The Greatest Contact Center Traits Have Little to Do with Technology

Although there's been a lot of talk about the importance of customer service and the customer experience and plenty of innovation on the technology front, there's often still a significant gap between the realities and the aspirations of the customer service department. The most effective customer service organizations share some common characteristics, including the following:

  • They are viewed as more than a cost center. Although time to resolution and cost per contact are important, they're focused on a bigger prize: providing meaningful feedback back to the company about potential product and service improvements and identifying and acting on potential sales opportunities.
  • They are consistent, not just across channels but across agents. In an ideal world, it doesn't matter what channel customers choose to initiate conversations or if they change channels midstream. They get the same information, the same personalization, and responses that take into account their entire customer interaction histories.
  • They support effective collaboration both within and outside the contact center. Collaboration tools, both real-time and longer term, are adopted and used by agents, teams, and subject matter experts.

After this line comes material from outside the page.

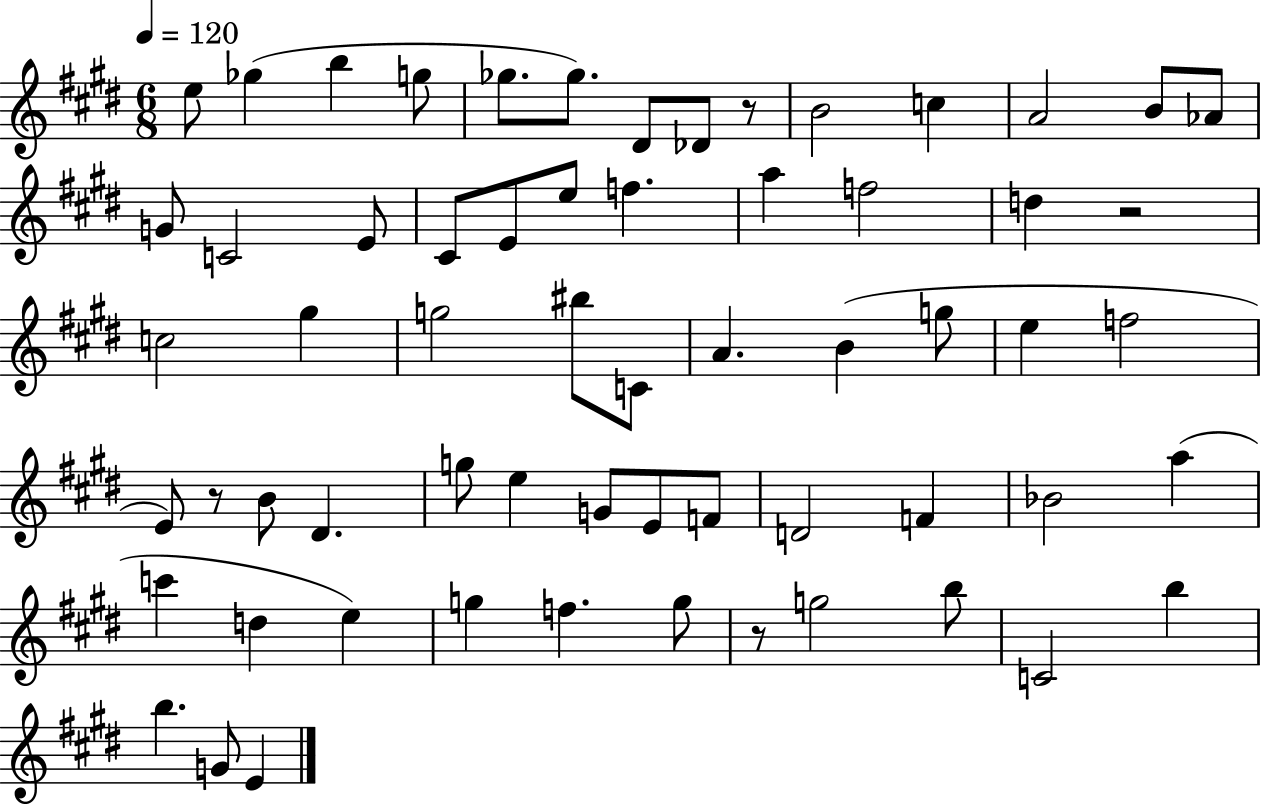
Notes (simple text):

E5/e Gb5/q B5/q G5/e Gb5/e. Gb5/e. D#4/e Db4/e R/e B4/h C5/q A4/h B4/e Ab4/e G4/e C4/h E4/e C#4/e E4/e E5/e F5/q. A5/q F5/h D5/q R/h C5/h G#5/q G5/h BIS5/e C4/e A4/q. B4/q G5/e E5/q F5/h E4/e R/e B4/e D#4/q. G5/e E5/q G4/e E4/e F4/e D4/h F4/q Bb4/h A5/q C6/q D5/q E5/q G5/q F5/q. G5/e R/e G5/h B5/e C4/h B5/q B5/q. G4/e E4/q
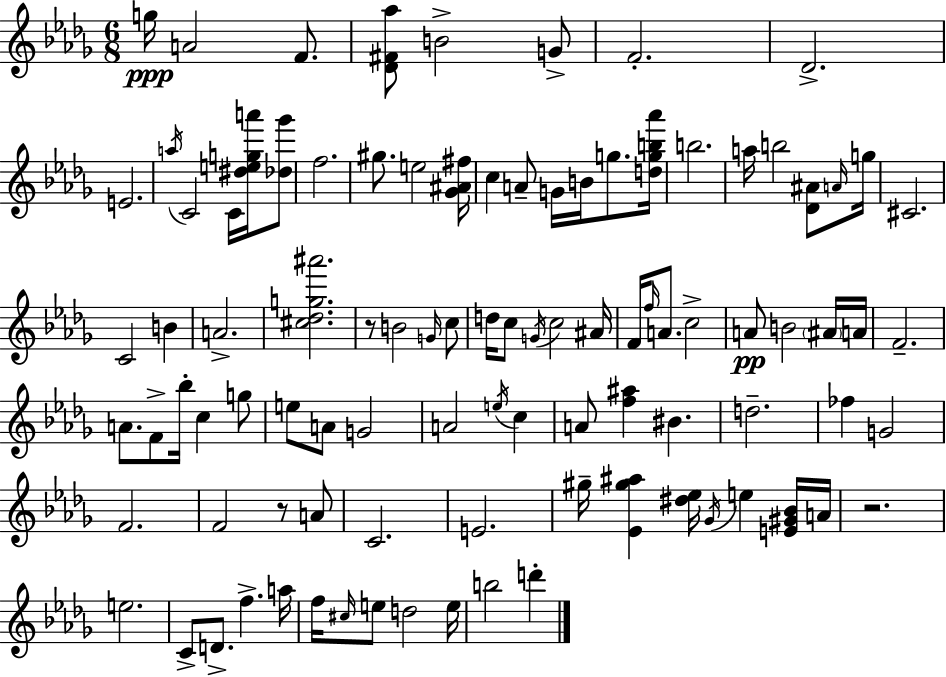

You might have noticed that these three characteristics have very little to do with technology, and that's where the biggest challenge for customer service managers lies: in the human barriers to adopting best practices for customer service. For customer service to truly take a place at the table (like sales and marketing do today), managers must focus on humans, culture, and management, not just technology.

Everyone talks about change management, but driving greater customer service maturity takes a skill set that has to be developed. It's helpful to think about breaking down the challenge into manageable chunks: structural factors, cultural factors, hierarchical factors, and individual factors.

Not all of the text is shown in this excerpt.